Exercise instructions
Set down all of the data exactly. Pictures stay out of the copy.

The input
---*---

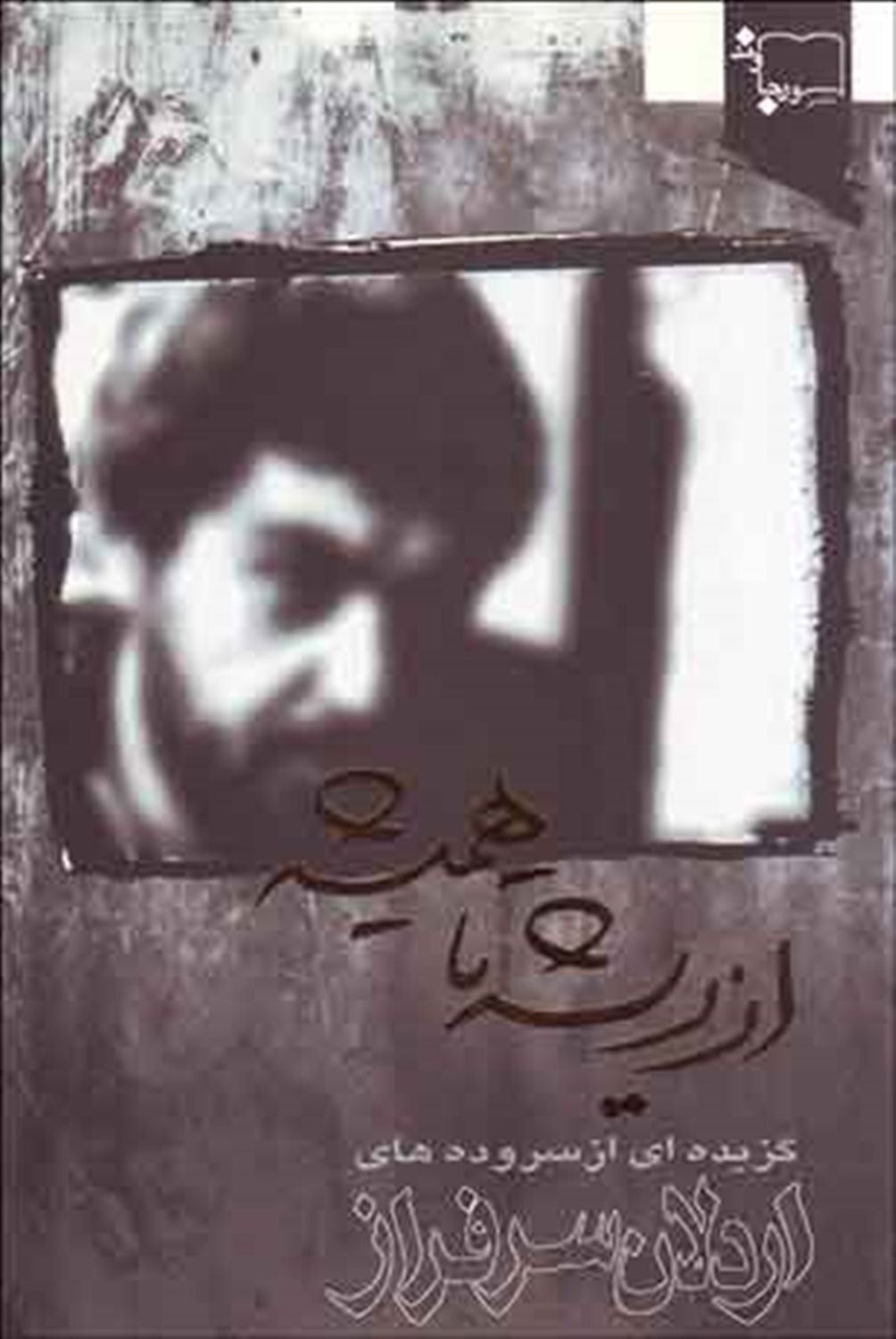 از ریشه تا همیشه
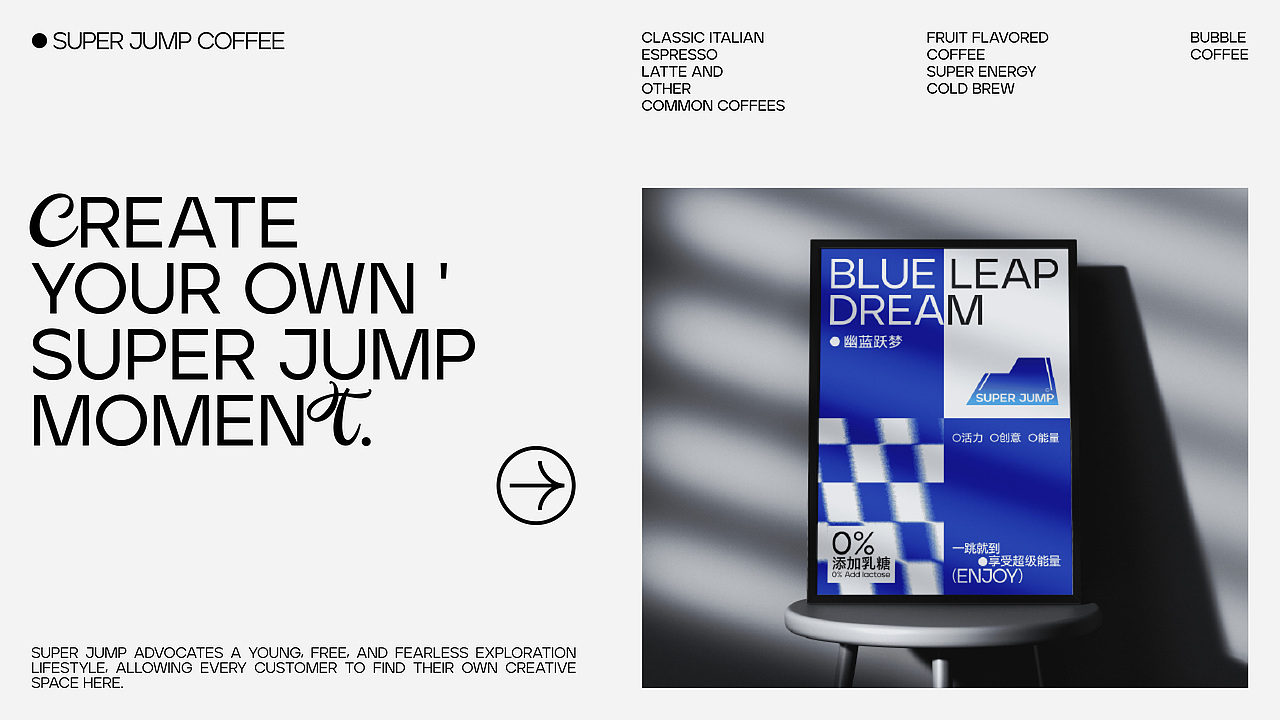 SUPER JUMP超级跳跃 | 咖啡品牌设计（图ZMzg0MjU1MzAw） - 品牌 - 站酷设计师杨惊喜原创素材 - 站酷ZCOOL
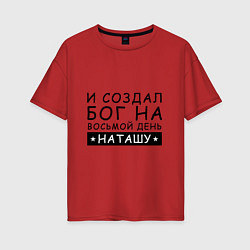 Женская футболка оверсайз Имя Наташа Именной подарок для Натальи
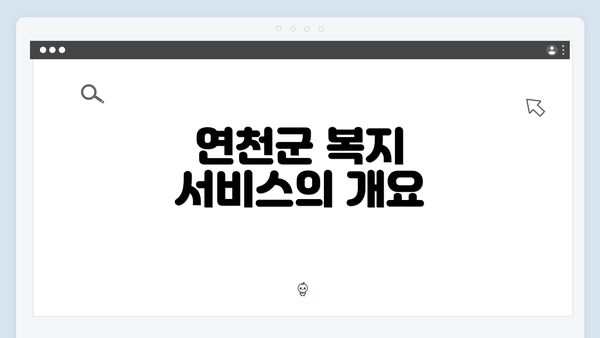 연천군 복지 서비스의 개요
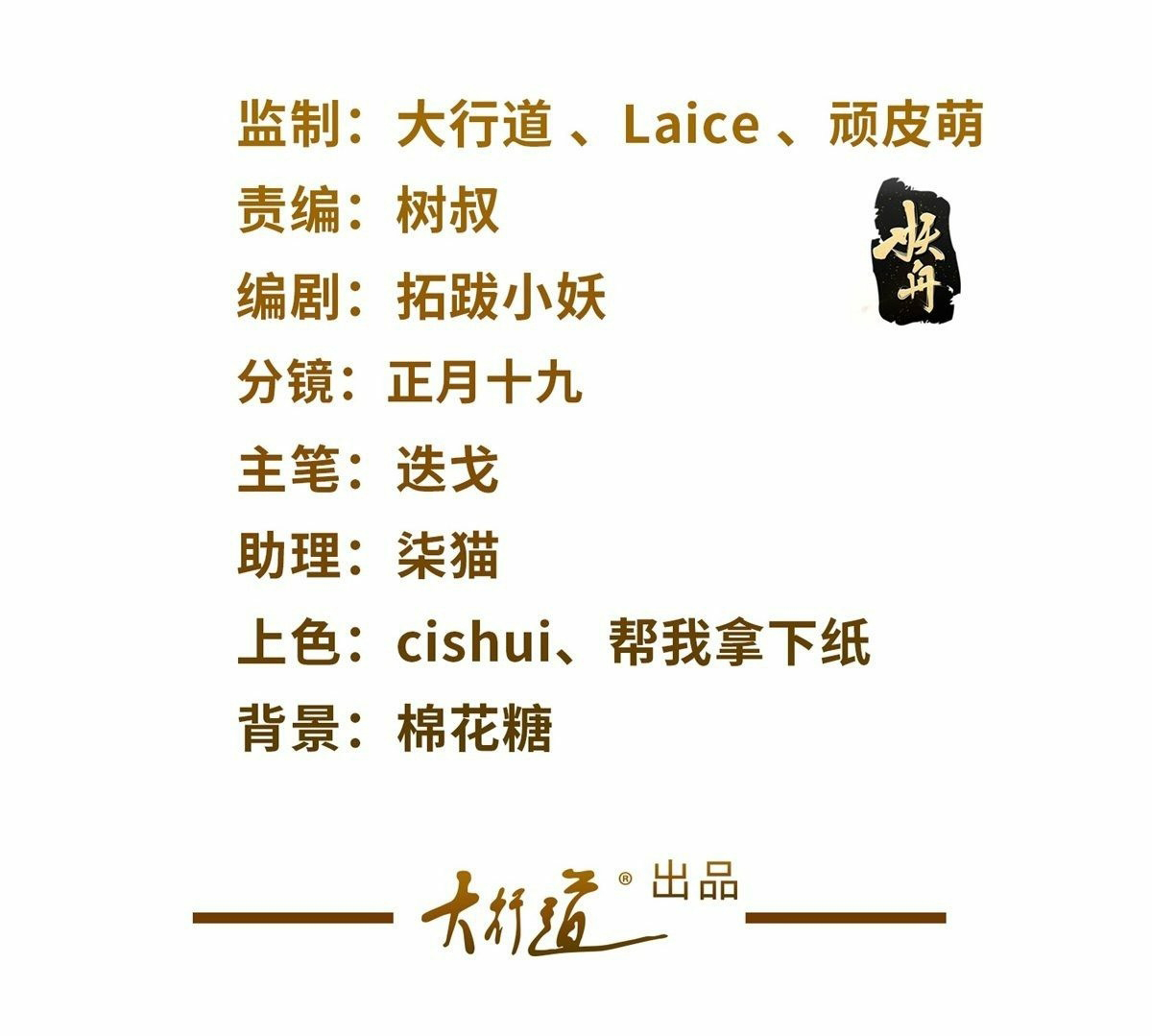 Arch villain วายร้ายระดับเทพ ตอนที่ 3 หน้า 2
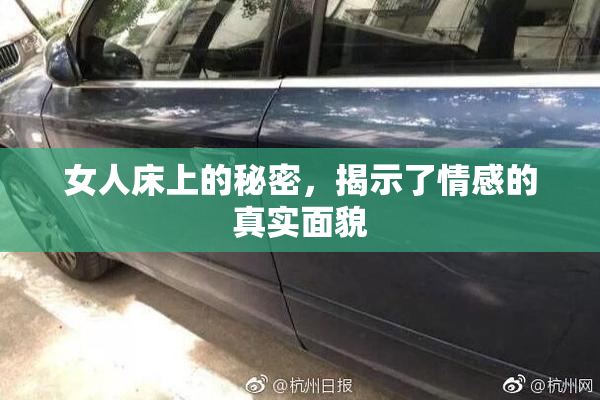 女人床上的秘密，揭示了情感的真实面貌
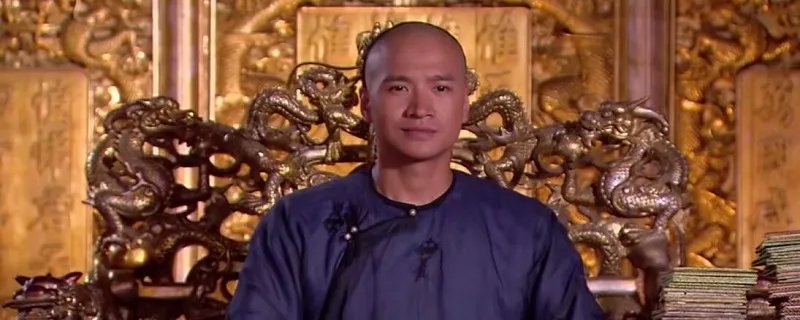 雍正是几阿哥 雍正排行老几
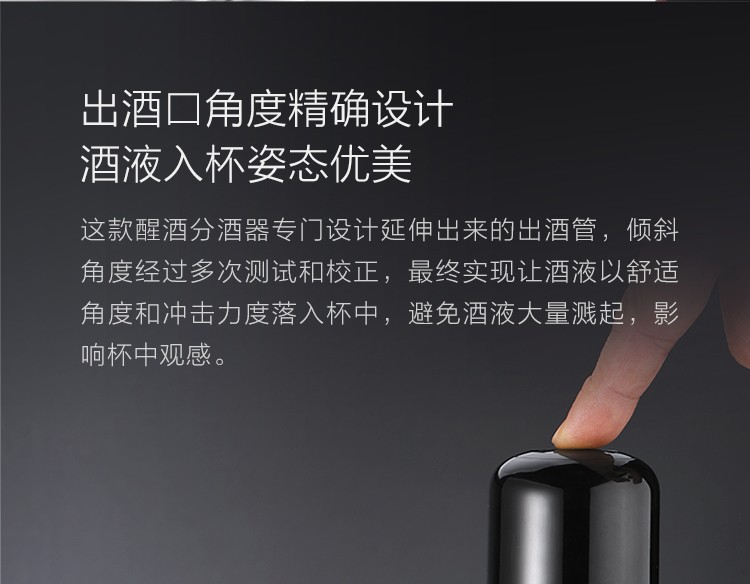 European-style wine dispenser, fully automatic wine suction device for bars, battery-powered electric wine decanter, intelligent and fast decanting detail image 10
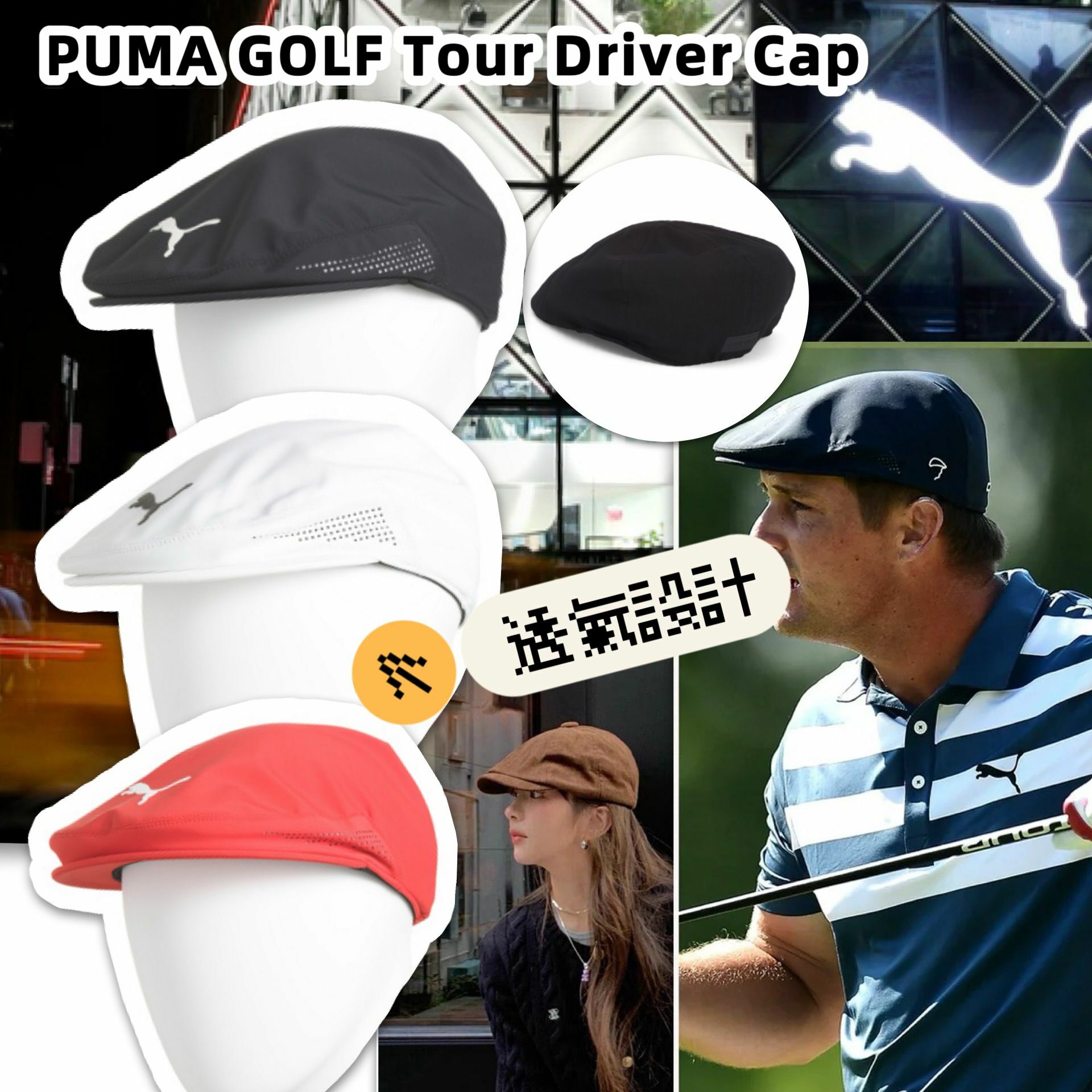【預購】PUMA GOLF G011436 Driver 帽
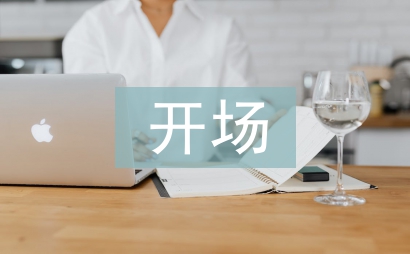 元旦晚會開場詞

---*---

Your solution
 از ریشه تا همیشه
 SUPER JUMP超级跳跃 | 咖啡品牌设计（图ZMzg0MjU1MzAw） - 品牌 - 站酷设计师杨惊喜原创素材 - 站酷ZCOOL
 Женская футболка оверсайз Имя Наташа Именной подарок для Натальи
 연천군 복지 서비스의 개요
 Arch villain วายร้ายระดับเทพ ตอนที่ 3 หน้า 2
 女人床上的秘密，揭示了情感的真实面貌
 雍正是几阿哥 雍正排行老几
 European-style wine dispenser, fully automatic wine suction device for bars, battery-powered electric wine decanter, intelligent and fast decanting detail image 10
【預購】PUMA GOLF G011436 Driver 帽
 元旦晚會開場詞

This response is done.